Toute réflexion sur la traduction médiévale, comme l'a rappelé Jacques Monfrin, est fondée sur l'article fondateur de Gianfranco Folena :

  • Gianfranco Folena, « Volgarizzare e Tradurre. Idea e terminologia della traduzione », dans La traduzione, saggi e studi, Trieste, 1973, p. 59-72, repris dans le volume de ses articles Volgarizzare e tradurre, Torino, 1991 (Saggi breve, 17).

« Gianfranco Folena nous a appris, il y a presque dix ans, dans un article capital, toute la prudence avec laquelle il faut manier les mots, volgarizzare, tradurre : ses réflexions s'appliquent aux équivalents français translater, traduire… Beaucoup [de traducteurs médiévaux], pour dire les choses en gros, utilisent le texte antique en ne s'attachant qu'au contenu, pour ce qu'il apporte d'information, sans se préoccuper de la forme, ni même de l'ordonnance et de l'esprit. D'autres, y recherchant et y découvrant une signification cachée, le transposent sur un autre plan, en dégagent, par exemple, un enseignement moral. »8

Il est quelquefois difficile de trancher entre traductions, adaptations et remaniements. Il y a en réalité deux questions : d’une d'une part quel est le rapport qu'entretient le texte antique avec sa ou ses traductions vernaculaires ; d’autre part quel est le rapport entre une traduction vernaculaire avec ses remaniements éventuels ?

Sur le rapport entre texte antique et traduction nous adoptons une définition restrictive de la traduction. Si on veut donner un tableau représentatif de la place des classiques en français, on ne pourra évidemment pas passer sous silence les œuvres de Lucain, de Salluste ou de Stace, sous prétexte qu'on n'en conserve pas de traduction « littérale » et complète, mais on ne trouvera ces textes que sous forme de rappels dans le Miroir des classiques. Nous avons en effet retenu dans un premier temps comme traductions celles qui sont présentées comme telles, qui respectent un certain degré de littéralité et qui sont d'ailleurs souvent précédées d'un prologue qui justifie la démarche du traducteur.

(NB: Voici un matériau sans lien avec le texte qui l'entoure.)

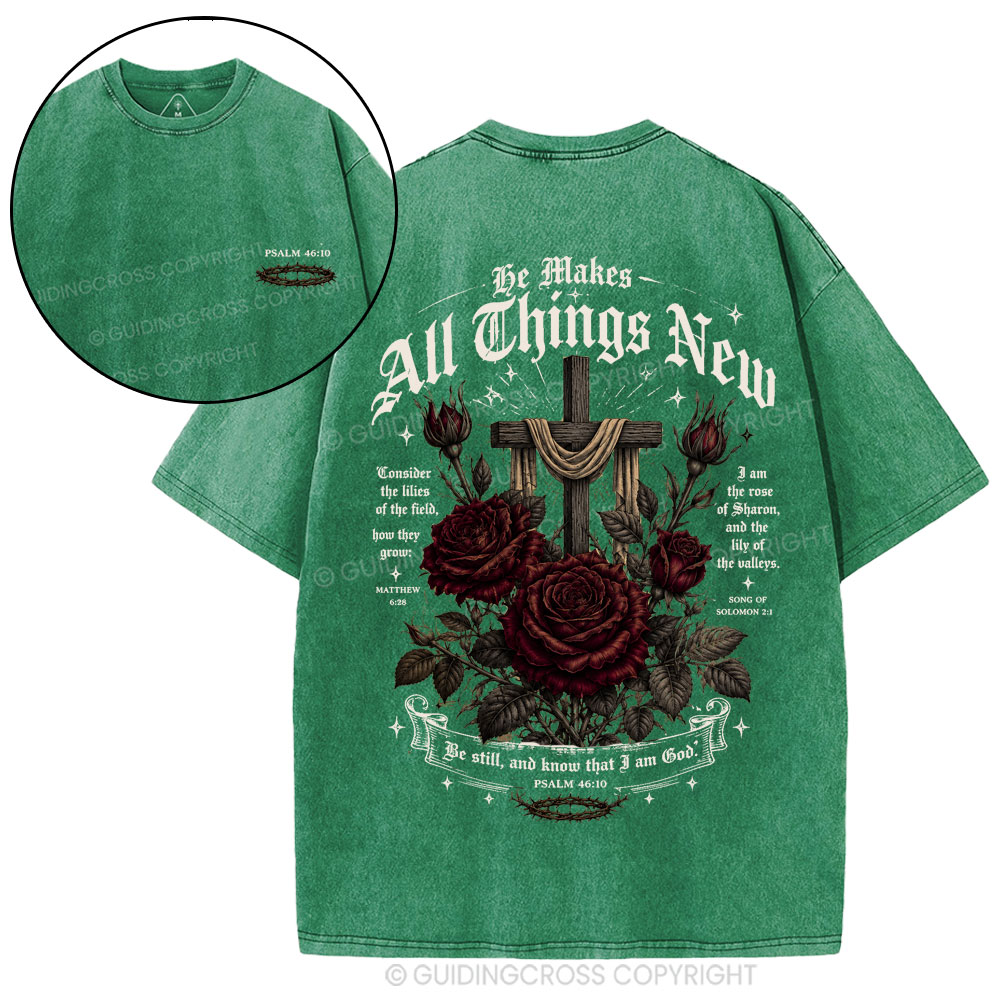 Be Makes All Things New Christian Washed T-Shirt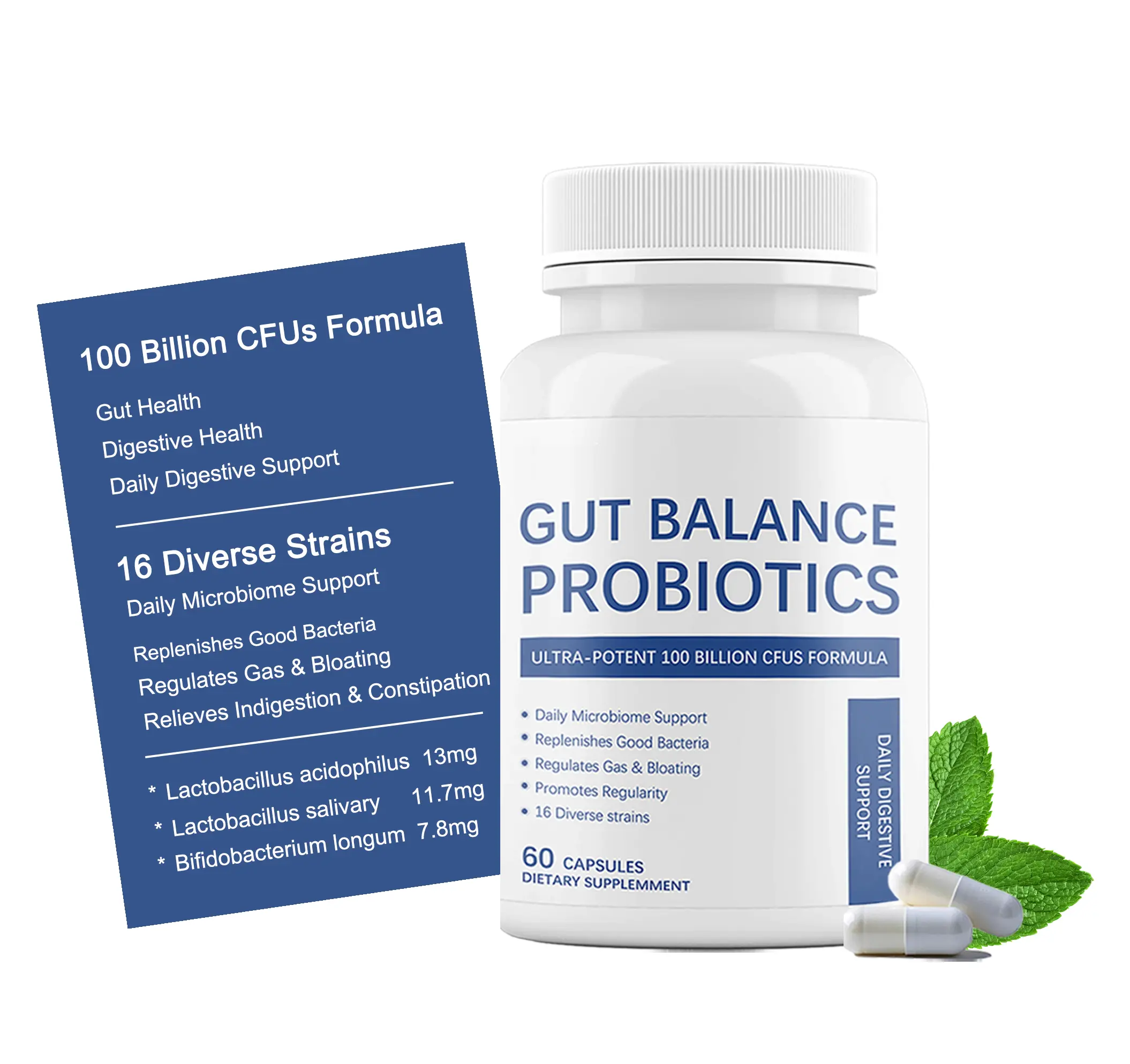 ESUNM Gut Balance Probiotics 100 Billion CFU 16 Strains Organic Prebiotics for Immune Digestive Health Supports Constipation Diarrhea Gas Bloating for Men Women 60ct Regularity Aid - Fitness, Healthcare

Sur le rapport entre une traduction vernaculaire avec ses remaniements éventuels, nous pensons que toutes les péripéties textuelles doivent être prises en compte, même si elles éloignent un peu plus du texte source : ainsi la traduction des décades I, III et IV de Tite-Live faite par Pierre Bersuire à la demande de Jean le Bon a été retouchée au début du XVe siècle par le pré-humaniste Laurent de Premierfait ; plus tard le bourguignon Jean Mansel l'a intégrée en grande partie dans la compilation historique intitulée la Fleur des histoires qui a connu elle-même une version brève et une version longue. Tout le dossier figure dans la notice consacrée à Tite-Live.

Bornes du corpus des traductions

Le terminus ad quem du corpus des traductions est 1500. Cette coupure est arbitraire du point de vue de l'activité traductrice, puisqu'un nouveau mouvement de traduction s'est amorcé dans les dernières décennies du XVe siècle, où l'on commence à traduire des œuvres moins didactiques : une partie du théâtre de Térence passe à deux reprises en français dans la seconde moitié du siècle et Octovien de Saint Gelais traduit les Héroïdes d'Ovide en 1496 et l'Énéide de Virgile en 1500. La date de 1500 est une coupure commode, Jacques Monfrin l'avait déjà souligné, qui permet d'exclure les très nombreuses traductions réalisées dans les premières années du XVIe siècle. Elle correspond surtout à une modification radicale du mode de diffusion des textes : après 1500 les traductions se diffusent essentiellement sous forme imprimée alors que jusque là, elles avaient connu une diffusion manuscrite ou mêlant les deux modes de diffusion.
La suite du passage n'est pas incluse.